Autonomous Solver Control

In many simulation applications, the selection of optimal methods and parameters for the linear solver strategy to some extend depends on the concrete simulation, for instance, the material properties, problem sizes, parallelism, etc. While you can typically find a fixed linear solver strategy that very well fits for a simulation application, the final tuning for a concrete simulation can hardly be carried out in advance.

This is where the autonomous solver control can be applied: Instead of a fixed linear solver strategy, a set of considerable methods and parameter ranges is selected. Within these available options, SAMG then finds the best settings on its own. This is realized with evolutionary and surrogate learning methods.

Not only is an autonomous parameter tuning possible this way. The solver control also allows for the usage of solver strategies that may not be robustly applicable in all but only in a majority of cases from a simulation application, but provide a good computational efficiency. In those cases where the most efficient approaches are not robust enough, the solver control ensures reasonable backups to be available if the control has been configured to do so.

Basically all methods and parameters from the SAMG solver library can be considered in the pre-described set of methods. In some special application cases even pre-implemented selections can be used, while in general an XML-input is provided.

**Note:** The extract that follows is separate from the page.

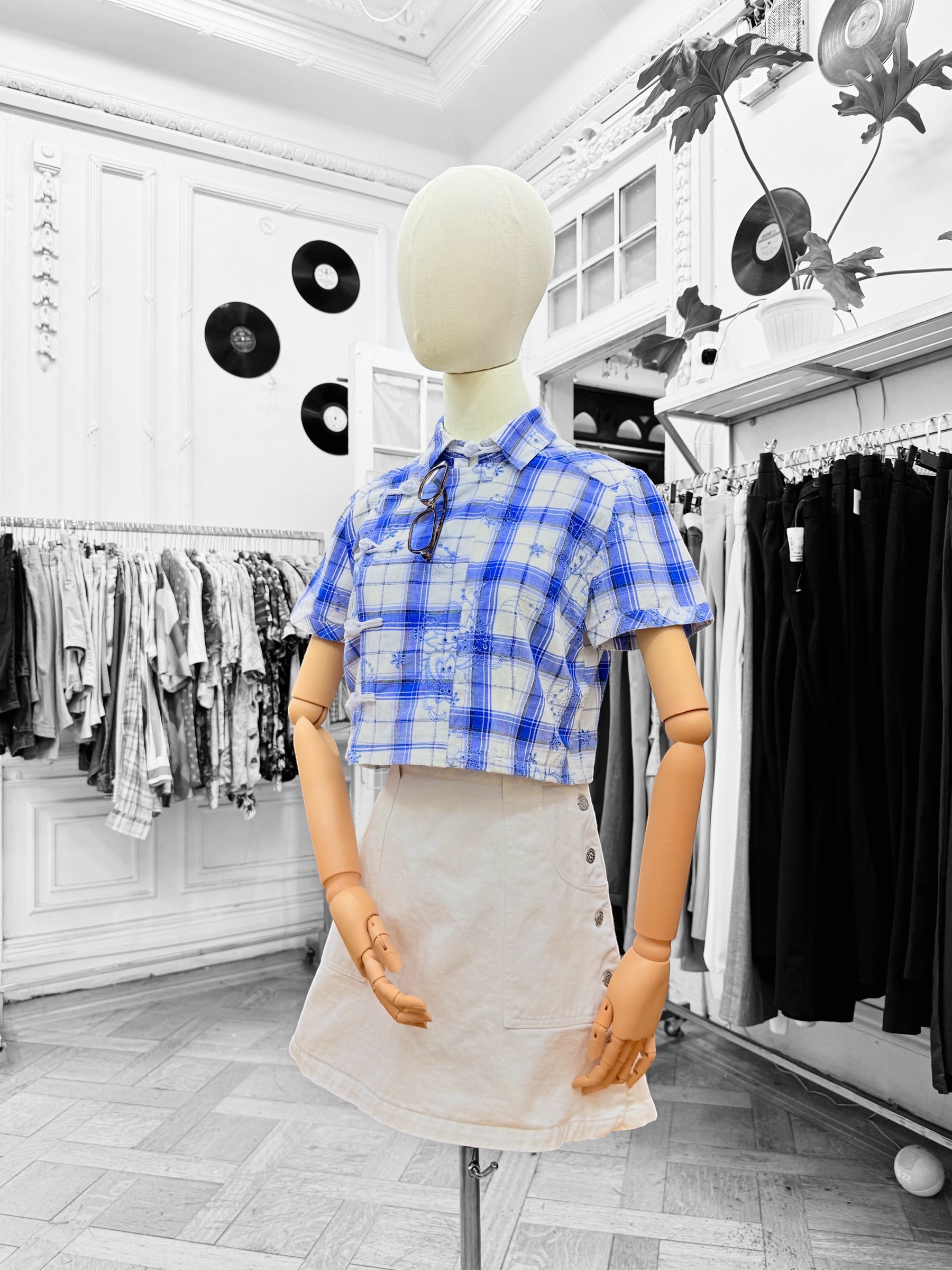 Blusa upcycling cuadrillé celeste · Pieza única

The development of the learning solver control has been funded by the Fraunhofer Research Center for Machine Learning within the Fraunhofer Cluster of Excellence Cognitive Internet Technologies.

 

Example Application: Simulation of Battery Aging

The autonomous solver control has allowed to use iterative linear solver methods from the SAMG library in the battery simulator BaSiS at the Fraunhofer IEE (www.batterie-simulation.de). The highly complex physical and electro-chemical processes of a battery often lead to highly ill-conditioned linear systems of equations. This and the variety of possible battery configurations do not allow for selecting a fixed iterative linear solver method in advance. Thus, only direct solvers could be used so far. The solver control in SAMG, however, allows for the usage of iterative single-level methods now. This provides significant reductions of the overall run-times compared to the direct solvers.